Development on the other hand, was not something that we touched on even remotely in my first four years of university.  As a result, my definition has arisen solely from the education I've received during my masters here at the University of Queensland and how that knowledge has made me look at my own experiences and the world around me.  To begin with, I define development as a change or evolution from one state of being to another.  In the context of countries, I see it as encompassing a number of factors including infrastructure, economic stability, growth and GDP, security, the distribution of wealth, standard of living, freedom, respect for human rights, social security and all that those entail.

This definition is likely closest to development as a “multi-dimensional process involving reorganization and reorientation of entire economic AND social system”.

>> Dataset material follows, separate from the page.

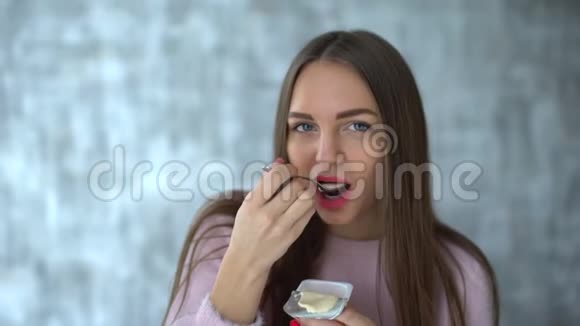 女人吃酸奶漂亮的年轻女人吃酸奶节食的年轻女人吃白色酸奶可爱迷人视频的预览图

So what do my opinions on health and development say about me?  Hopefully they speak to a broad understanding of these terms far beyond the narrow labels of "sick" or "not sick" and "developed" or "not developed".   I've lived, been ill and gone to school/worked in four very different countries, three of them developed (Canada, Italy and Australia) and one not (Uganda).  Comparing those experiences has helped me to recognize that health and development are just general concepts that are actually made up of many smaller factors, most of which we don't notice until circumstances change.  For example, I don't often think about how nice it is to breathe in and out through my nose until I get a head cold.  Then suddenly accomplishing even the easiest of tasks become more difficult, all because of that one small problem.

Health and development are also very subjective states.  For instance, someone with a particular condition may feel well despite being viewed as unwell by others and society (and vice versa).  In a similar respect, low income countries are often at comparatively different stages of development.  So at which point is a country considered developed?  What does it mean to be truly healthy?  How are these things measured and who decides at what point the scale tips?  Those designations are largely given out by bodies such as the United Nations, the World Health Organization (WHO) and the World Bank.  But, in many ways, health and development are in the eyes of the beholder.

As if health and development weren't complex enough on their own, they also have a very complicated interdependent relationship.  I'm truly looking forward to delving deeper into these issues throughout the course of this semester and documenting what I learn in these posts.